Chez Nazira, rien n’est établi à l’avance. Tout est personnalisé et fait à la mesure du client. Chez elle, pas de formule type. C’est en discutant avec son client du thème de la soirée, en apprenant à le connaître et à découvrir ses goûts qu’elle prépare un gâteau ou un menu correspondant à sa personnalité. Elle ne répète jamais un même gâteau même s’il arrive que l’idée soit la même, l’exécution est toujours différente. «Quand je dois réaliser quelque chose, je ne dors pas la nuit. Je reste dans mon lit éveillée à réfléchir». Sa principale source d’inspiration, elle la tire de la nature. Pour elle, il n’y a pas de recette miracle pour réussir une bonne cuisine. «Tout le secret est dans les ingrédients. Il faut toujours des produits de qualité, frais, que l’on met en valeur et surtout avec une grande générosité et un travail fait avec son cœur. Nous sommes des traiteurs, mais nous sommes avant tout des mamans». En perpétuelle innovation, elle estime que, dans le domaine du catering, on ne copie pas, même si actuellement les choses deviennent systématiques et tout le monde suit un même principe. «Nous sommes spontanés. Nous vivons selon les saisons et nous travaillons selon les thèmes. Chez nous, il n’y a pas de menu, tout est fait en fonction des envies et des besoins du client. Nous le guidons dans ses choix, en l’aidant à bien choisir ce qui lui faut. Je ne sais pas ce qui se passe chez les autres. J’étais là en premier et je n’ai jamais imité personne. Ce ne serait plus nous si nous copions les autres. D’ailleurs, je ne me répète jamais moi-même. Je suis toujours à la recherche d’idées nouvelles», précise Nazira. Dotée d’un esprit pratique, elle sait adapter les produits. «Je travaille en fonction de ce qui existe déjà», dit-elle.

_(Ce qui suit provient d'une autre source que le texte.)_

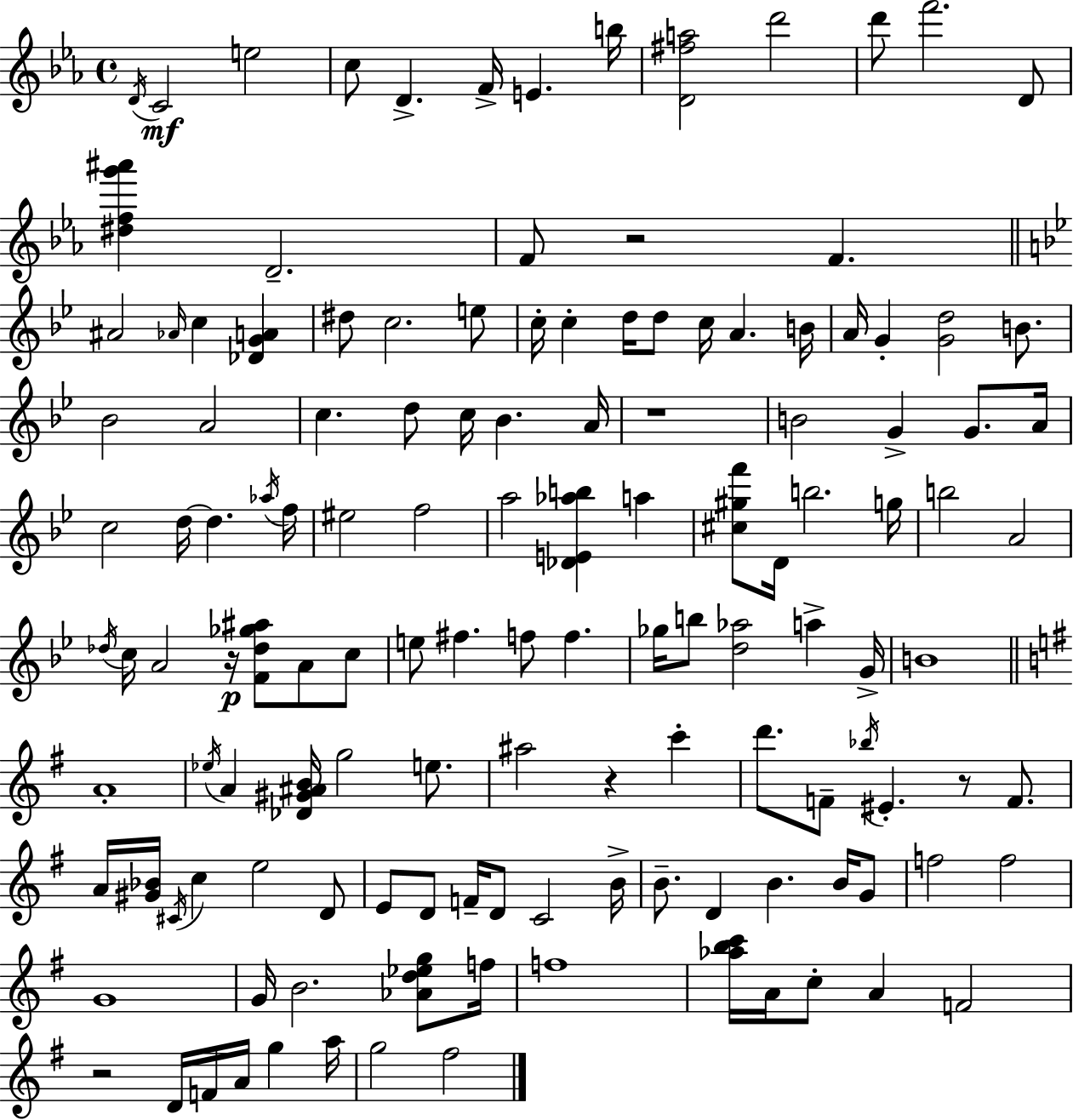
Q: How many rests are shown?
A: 6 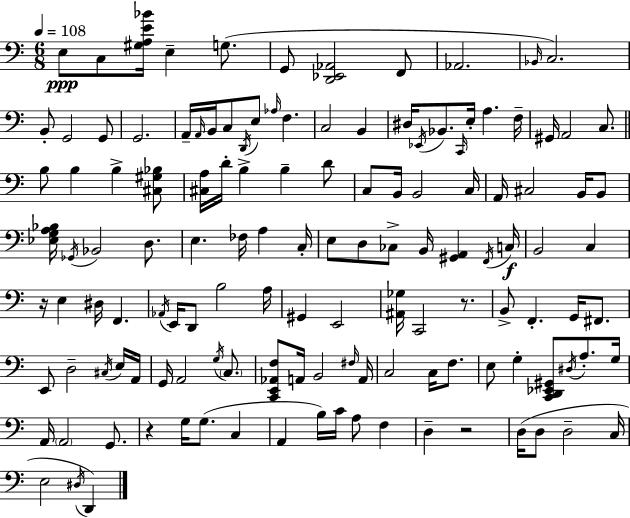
X:1
T:Untitled
M:6/8
L:1/4
K:Am
E,/2 C,/2 [^G,A,E_B]/4 E, G,/2 G,,/2 [D,,_E,,_A,,]2 F,,/2 _A,,2 _B,,/4 C,2 B,,/2 G,,2 G,,/2 G,,2 A,,/4 A,,/4 B,,/4 C,/2 D,,/4 E,/2 _A,/4 F, C,2 B,, ^D,/4 _E,,/4 _B,,/2 C,,/4 E,/4 A, F,/4 ^G,,/4 A,,2 C,/2 B,/2 B, B, [^C,^G,_B,]/2 [^C,A,]/4 D/4 B, B, D/2 C,/2 B,,/4 B,,2 C,/4 A,,/4 ^C,2 B,,/4 B,,/2 [_E,G,A,_B,]/4 _G,,/4 _B,,2 D,/2 E, _F,/4 A, C,/4 E,/2 D,/2 _C,/2 B,,/4 [^G,,A,,] F,,/4 C,/4 B,,2 C, z/4 E, ^D,/4 F,, _A,,/4 E,,/4 D,,/2 B,2 A,/4 ^G,, E,,2 [^A,,_G,]/4 C,,2 z/2 B,,/2 F,, G,,/4 ^F,,/2 E,,/2 D,2 ^C,/4 E,/4 A,,/4 G,,/4 A,,2 G,/4 C,/2 [C,,E,,_A,,F,]/2 A,,/4 B,,2 ^F,/4 A,,/4 C,2 C,/4 F,/2 E,/2 G, [C,,D,,_E,,^G,,]/2 ^D,/4 A,/2 G,/4 A,,/4 A,,2 G,,/2 z G,/4 G,/2 C, A,, B,/4 C/4 A,/2 F, D, z2 D,/4 D,/2 D,2 C,/4 E,2 ^D,/4 D,,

Lorsqu’on lui demande son opinion sur la réputation des hommes meilleurs chefs cuisiniers que les femmes, Nazira répond que les femmes sont les égales de l’homme aujourd’hui. «C’était vrai du temps où la cuisine demandait des efforts physiques, mais aujourd’hui, avec les outils dont nous disposons, il est erroné de penser ainsi. Je suis la première et la seule femme à avoir travaillé dans le domaine de la restauration et du catering. Les femmes travaillent avec plus de finesse et d’élégance. Elles ont une manière différente d’exécuter leur tâche».
Les problèmes majeurs auxquels font face les sociétés de catering sont l’absence de lois protégeant les traiteurs et celle d’une clientèle fidèle, l’imitation et surtout le manque de personnel qualifié. «Alors qu’il y a un besoin de commis, sous-commis et autres, tout le monde veut devenir chef et insiste sur ce titre sans avoir la qualification et l’expérience nécessaires. Souvent, la concurrence est déloyale et les procédés utilisés sont malhonnêtes. De plus, au Liban, on ne peut pas parler de clientèle fidèle. Dès que s’installe du nouveau sur le marché, tout le monde veut essayer, quitte à revenir plus tard». Le personnel qualifié quitte le pays et on n’en trouve plus de compétents. «Un bon traiteur a besoin d’un personnel qualifié, d’un chef, mais aussi de serveurs et commis sans lesquels le service s’en ressent. De plus, aucune loi ne protège les traiteurs». Leur activité étant saisonnière − les pics des fêtes de fin d’année et de l’été − c’est vers les pays arabes que Nazira catering concentre son activité le reste de l’année. «Nous sommes souvent appelés pour des mariages et des réceptions dans les pays du Golfe, ce qui nous aide à combler les périodes creuses». Chez elle, il n’existe pas de cuisine industrielle. «Nous ne sommes pas une usine. Nous faisons la cuisine artisanale, ancienne et moderne à la fois. L’importance de notre cuisine réside dans les ingrédients. Je refuse toute comparaison entre la cuisine industrielle et la cuisine artisanale, que ce soit au niveau des ingrédients ou de la façon de travailler».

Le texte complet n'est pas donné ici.